GIVEN RECORDS:
*** Begin section ***

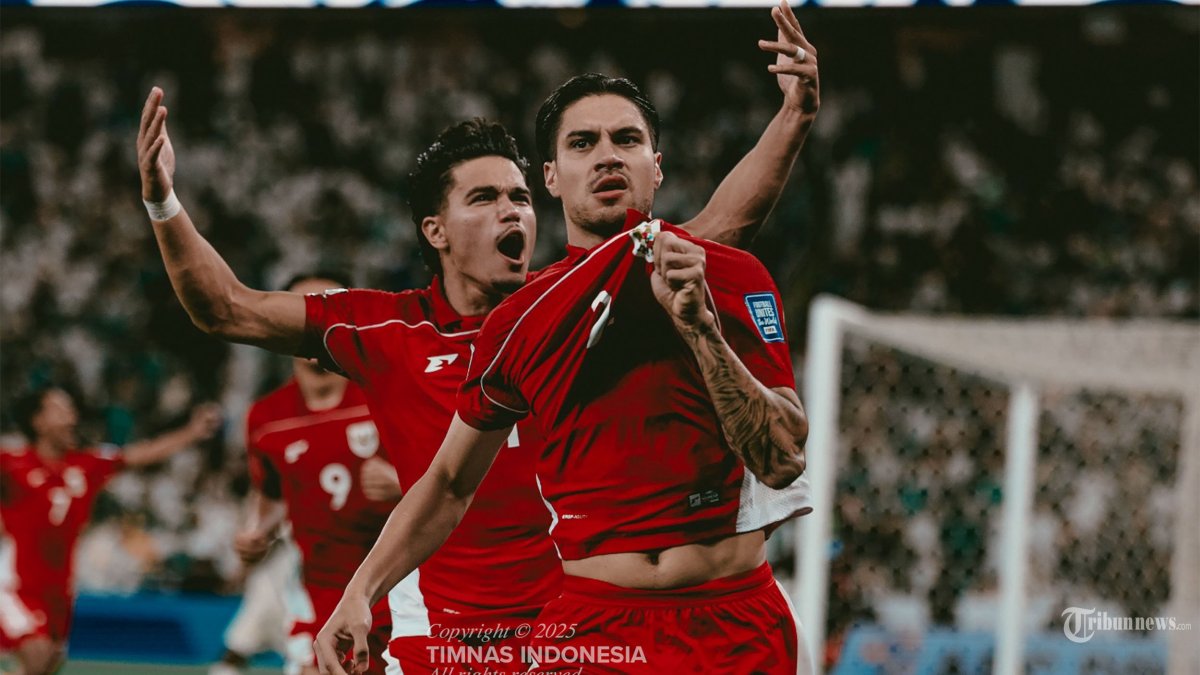 KALAH - Selebrasi pesepak bola Timas Indonesia, Kevin Diks usai mencetak gol dari titik penalti saat melawan Arab Saudi pada laga pertama Grup B babak 4 Kualifikasi Piala Dunia 2026 di Stadion King Abdullah, Jeddah, Kamis (9/10/2025) dini hari WIB. Timnas Indonesia takluk dari Arab Saudi dengan skor akhir 3-2. TRIBUNNEWS/PSSI/HO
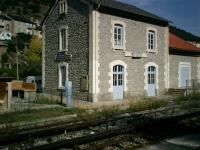 <h4><a href='/locations/L/Little_Yellow_Train,_France.'>Little Yellow Train, France.</a></h4><p><small><a href='/companies/S/SNCF'>SNCF</a></small></p><p><B>Olette </B> Station - request stop on the SNCF Little Yellow Train. 8/25</p><p>16/10/2007<br><small><a href='/contributors/Alistair_MacKenzie'>Alistair MacKenzie</a></small></p>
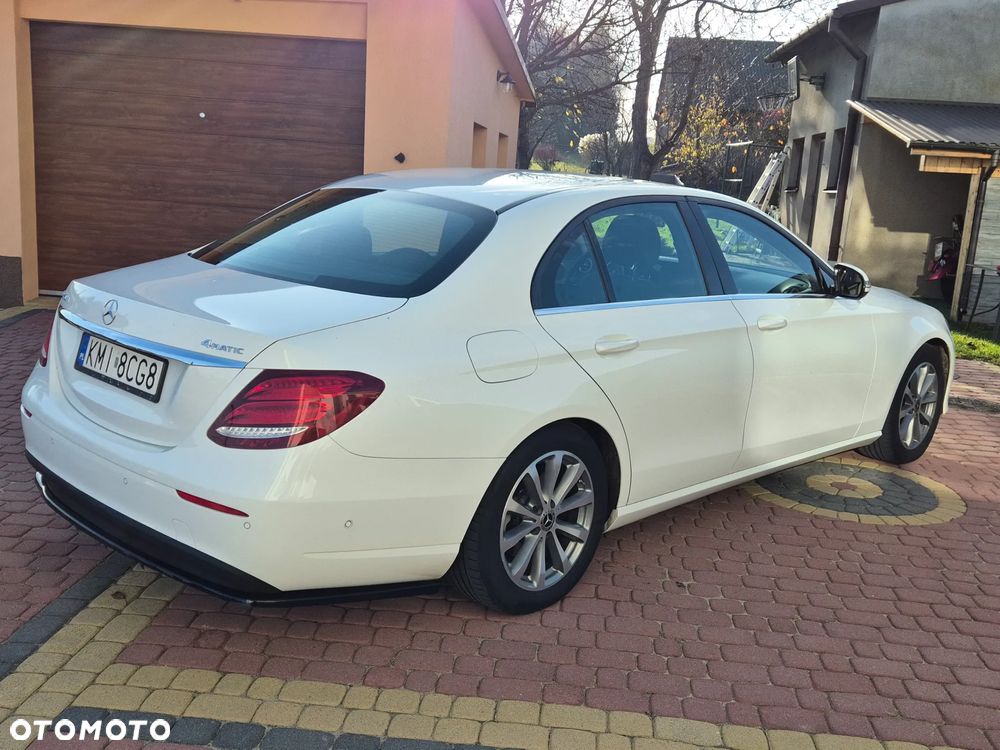 Mercedes-Benz Klasa E 220 d 4-Matic 9G-TRONIC - 4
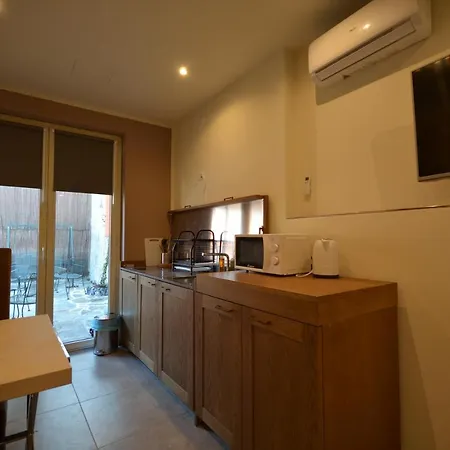 Varennahouse Aston Apt *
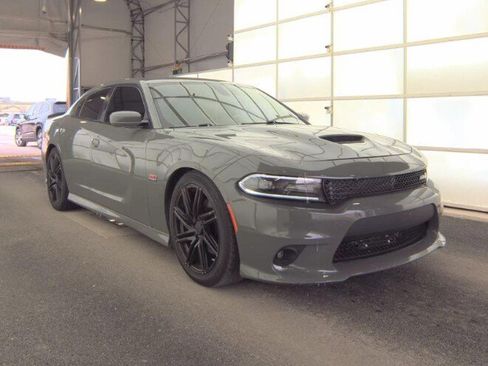 Used 2018 Dodge Charger R/T Scat Pack image 3
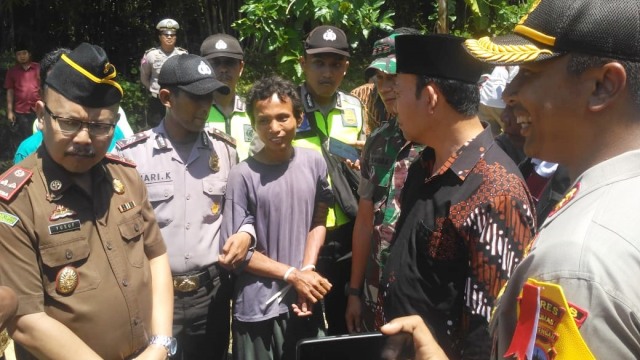 Pelaku perusakan dan pengotoran Masjid Jami Darussalam (tengah) di Banyumas ditangkap. Foto: Dok. Istimewa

*** End section ***

Transcribe, please, the lines from the one holding "Yellow Train, France.</a></h4><p><small><a" to the final line of the material, both included, exactly and with no extra lines, and skip the pictures.

COMPLETED TASK:
 <h4><a href='/locations/L/Little_Yellow_Train,_France.'>Little Yellow Train, France.</a></h4><p><small><a href='/companies/S/SNCF'>SNCF</a></small></p><p><B>Olette </B> Station - request stop on the SNCF Little Yellow Train. 8/25</p><p>16/10/2007<br><small><a href='/contributors/Alistair_MacKenzie'>Alistair MacKenzie</a></small></p>
 Mercedes-Benz Klasa E 220 d 4-Matic 9G-TRONIC - 4
 Varennahouse Aston Apt *
 Used 2018 Dodge Charger R/T Scat Pack image 3
 Pelaku perusakan dan pengotoran Masjid Jami Darussalam (tengah) di Banyumas ditangkap. Foto: Dok. Istimewa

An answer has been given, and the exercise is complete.